What are MicroLED displays?

In a few years, µLED displays will be a $10B-plus market. See why lasers play a critical role.

June 24, 2021 by Coherent

MicroLED Brilliant, High-Resolution Displays

MicroLEDs (µLEDs) are a relatively new technology that produces brilliant, high-resolution displays that can be economically scaled up to huge dimensions – easily more than 20 feet (6 meters).  Right now, they’re useful for large displays in conference rooms, arenas, concert venues, and outdoor applications. Eventually, they will probably become a common technology for big TVs. In the next five years, µLED displays will grow to be a $10B-plus market — and lasers play a critical role in enabling their production.

The difference between AMOLED and MicroLEDs 

With AMOLED and other display technologies currently used for mobile devices and televisions, the light emitting (or light filtering) pixels are produced directly on the glass panel that forms the display. So, scaling them up in size means performing multiple steps with expensive OLED materials on a very large panel containing all the necessary circuitry. That gets expensive and impractical very fast as you go larger. It’s why televisions larger than 80 inches can cost tens of thousands of dollars. 

MicroLED displays are different. The individual LED emitters are mass-produced on relatively small sapphire wafers.
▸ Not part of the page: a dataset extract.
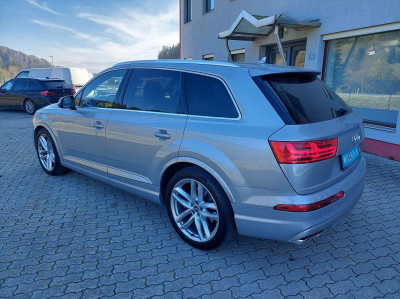 Audi Q7 Gebrauchtwagen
They are packed closely together resulting in low unit costs. These µLEDs are then removed from that wafer and transferred to a piece of glass with a circuit already patterned on it.  Really huge displays can be cost-effectively constructed by increasing the spacing between the µLEDs on it – the main cost driver is then the number of pixels, not the size of the glass. Tiling together many individual panels also keeps costs down for larger displays. 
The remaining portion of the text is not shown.